This is the first study to identify a link between HSV, changes in the peripheral immune compartment, and IL-32 expression. It was recently shown that IL-32 is upregulated following EBV infection and plays a role in latency by trapping protein kinase Cδ in the cytoplasm of EBV-infected B cells [37]. In contrast with EBV, which targets B cells, HSV does not productively infect or establish latency in T cells but has been shown to interfere with T-cell function through several immune evasion strategies.

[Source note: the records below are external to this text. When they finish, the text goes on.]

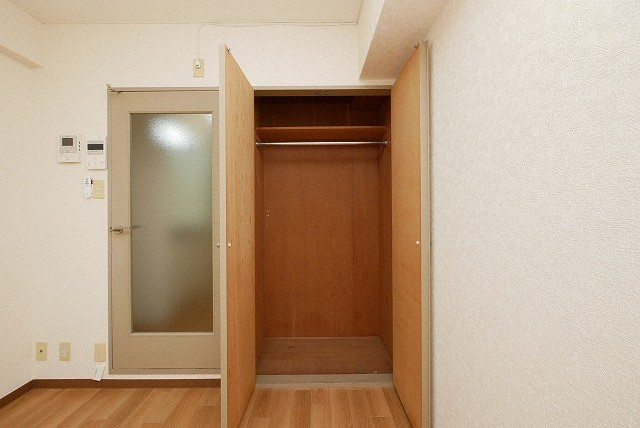 大阪市福島区海老江２丁目の賃貸マンションの収納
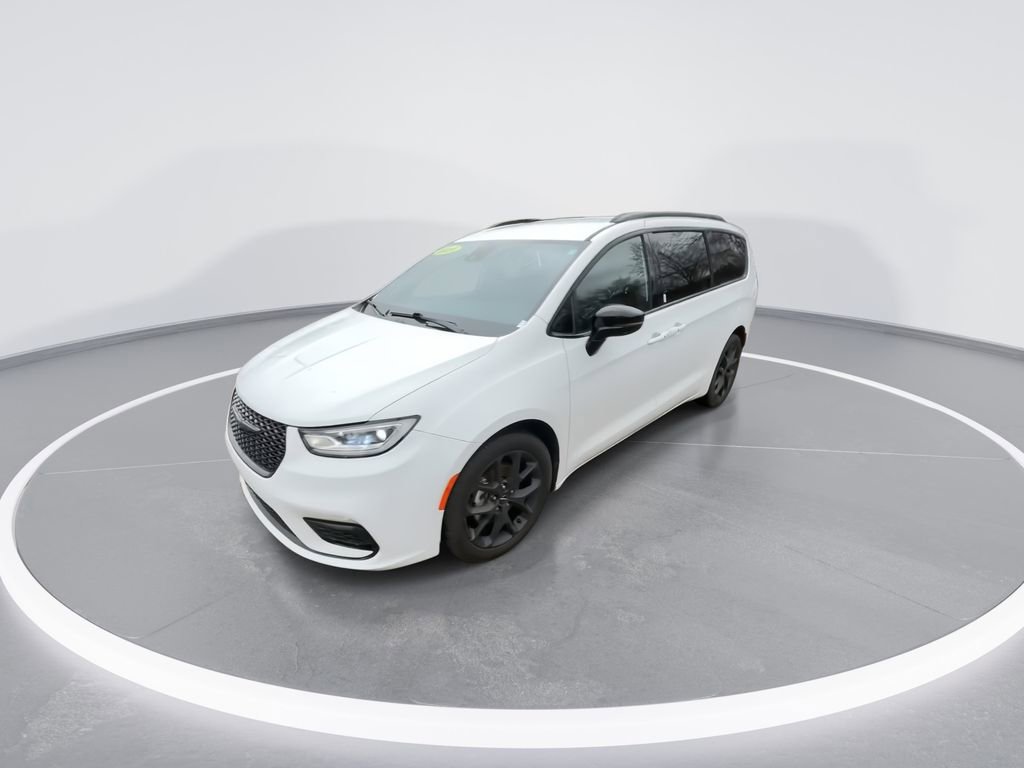 Used 2024 Chrysler Pacifica Touring-L w/ S Appearance Package FWD image 4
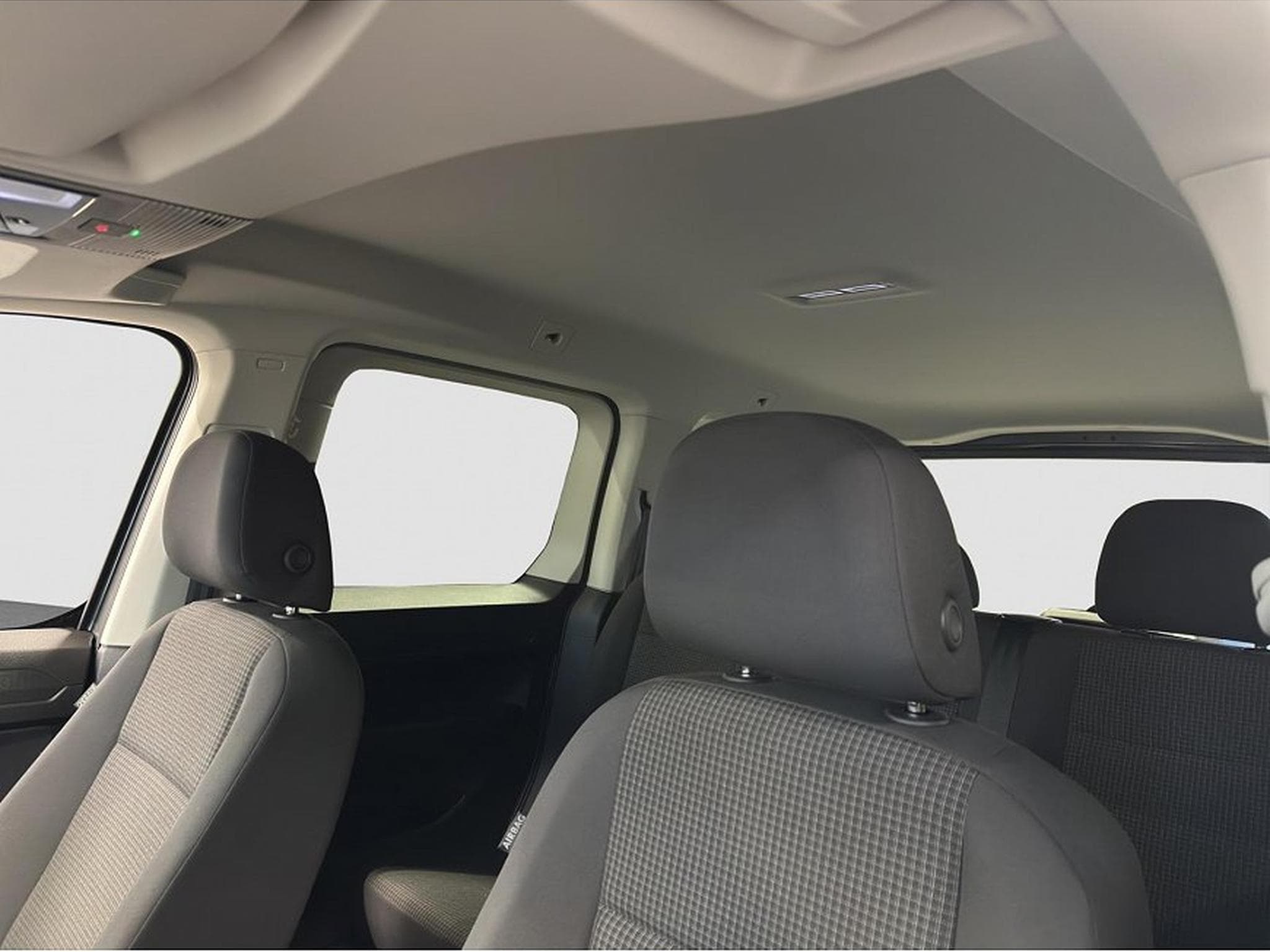 VW Caddy (2024) - Foto 21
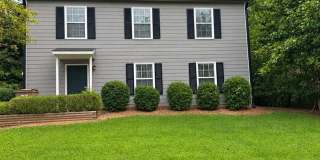 2 Bedroom 1 Bath Upstairs Unit Gallery 1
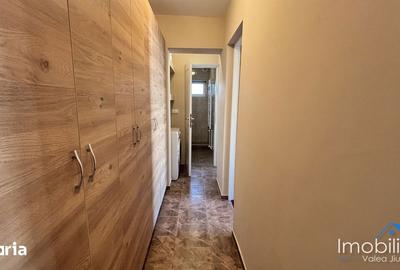 Apartament cu 3 camere decomandat în Petros - 9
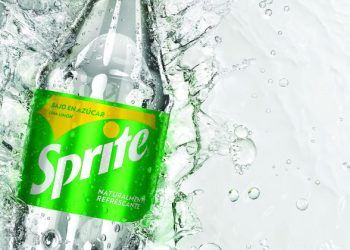 Las botellas de Sprite cambian de color para ser más sostenibles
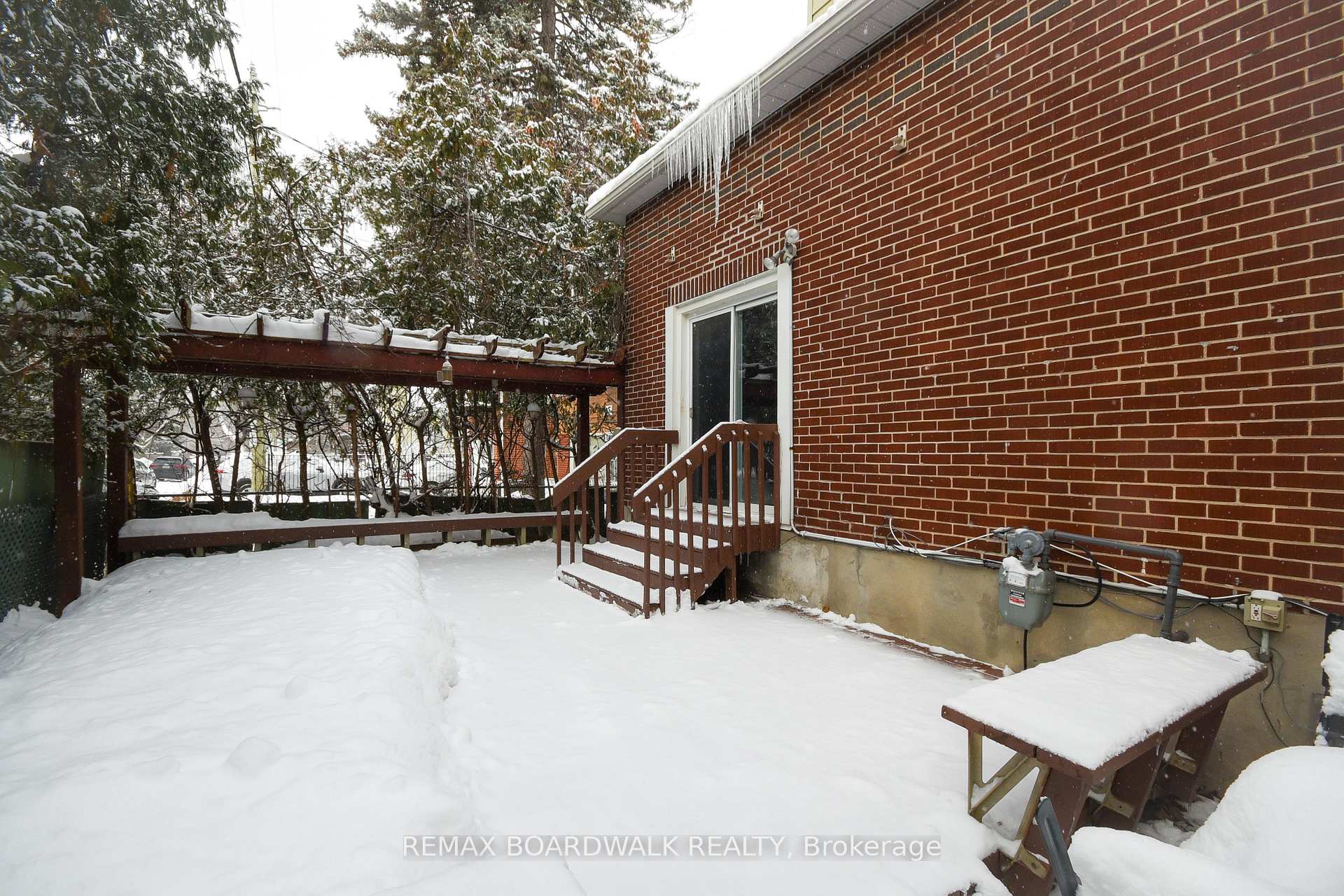 Photo 28 of 406 Marguerite Avenue, Ottawa, Vanier — HOMEH
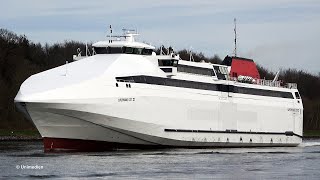 SUPERRUNNER JET II | maiden sailing of new SEAJETS highspeed ferry through the Kiel Canal | 4K-Video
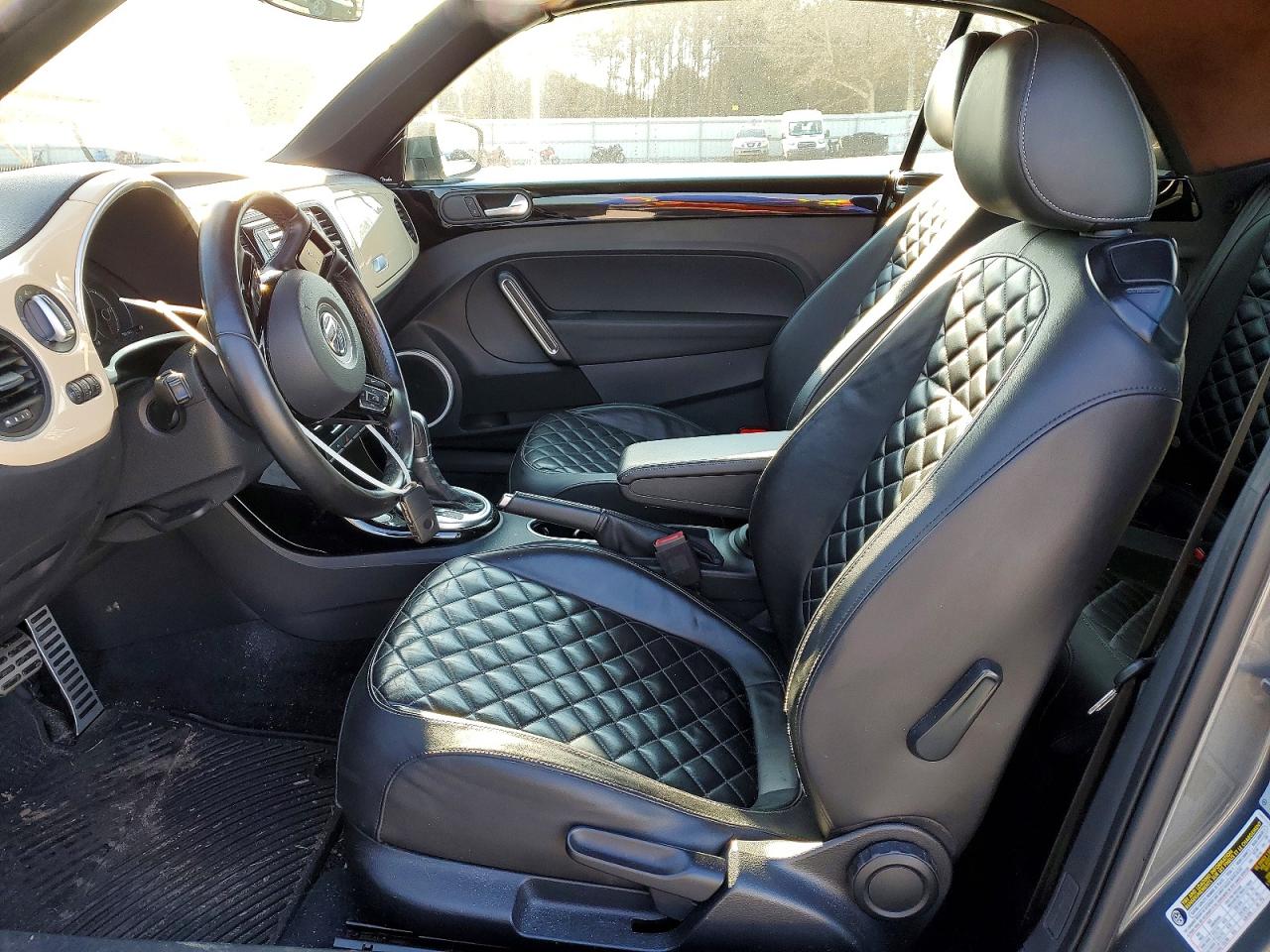 2019 VOLKSWAGEN BEETLE S photo 13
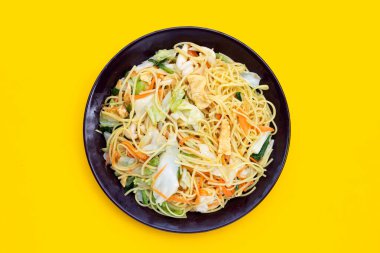 Çin usulü kızarmış erişte. Asya mutfağı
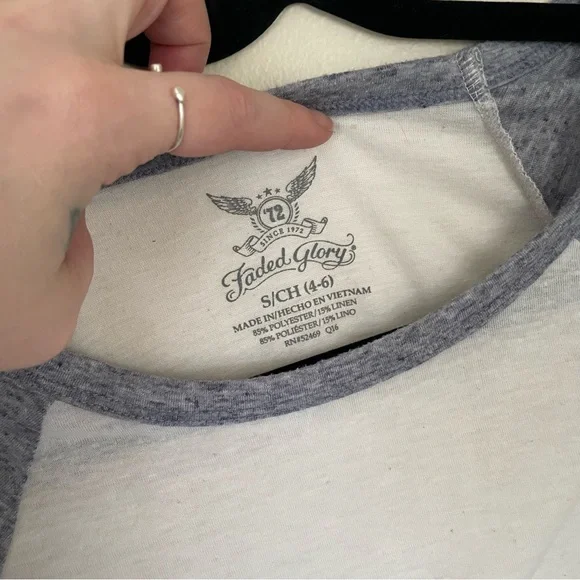 Faded Glory | Blue and White Baseball Tee | Size Small - Picture 9 of 9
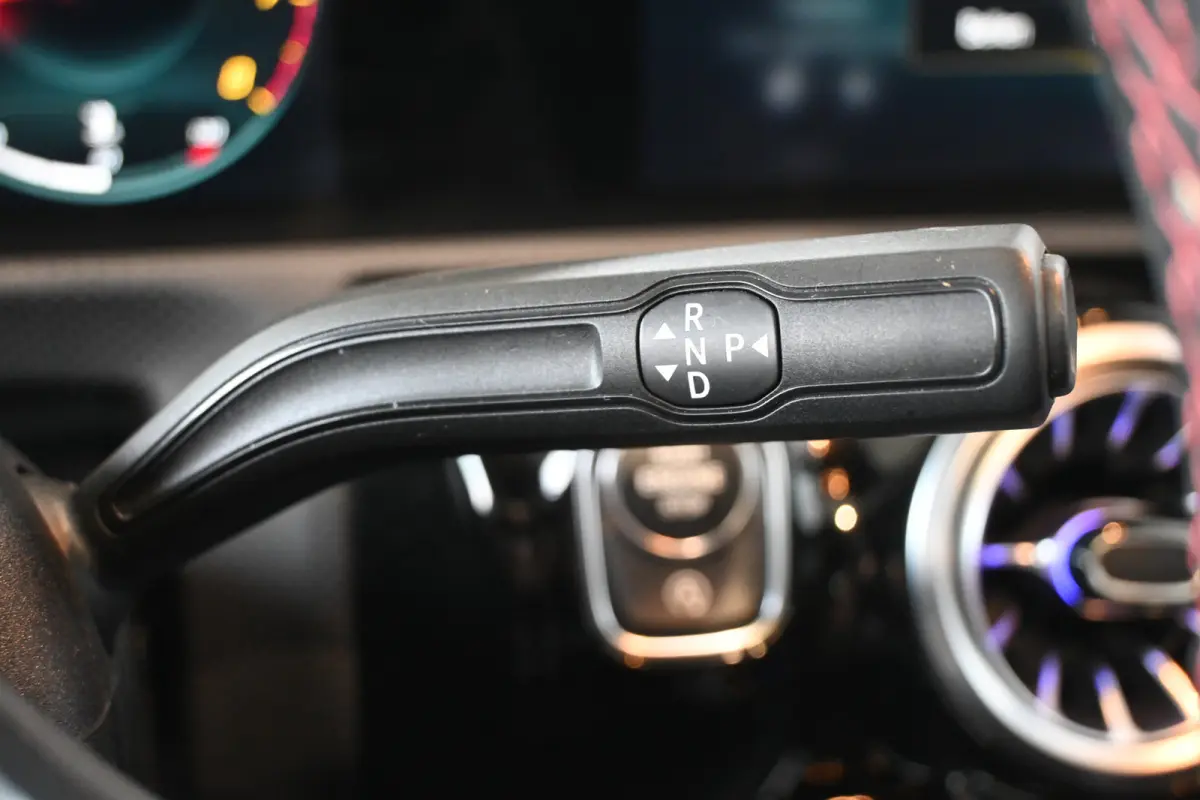 180 Automaat Business Solution AMG Clima Panoramadak Widescreen Sfeer LED Rijklaarprijs! Inruil Mogelijk!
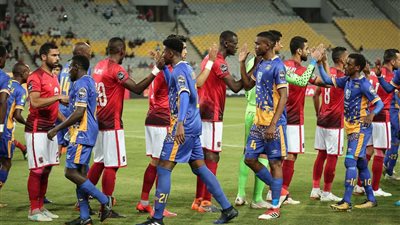 30 دقيقة.. التعادل السلبي مستمر بين الأهلي وتاونشيب في دوري أبطال إفريقيا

Possibly the downregulation of IL-32 in CD4 T cells by HSV-2 interferes with effective T-cell killing, providing another immune evasion strategy that could facilitate HSV persistence.

Human immunodeficiency virus eradication strategies are being designed to induce viral transcription (“shock”), which would render cells susceptible to “kill” by antivirals or cytolytic T cells. Consistent latency reversal, however, has been difficult to achieve. The findings here would suggest that IL-32 blockade and/or RUNX1 inhibition may synergize with strategies to reactivate HIV, although the overall immunological impact of targeting these pathways requires further study.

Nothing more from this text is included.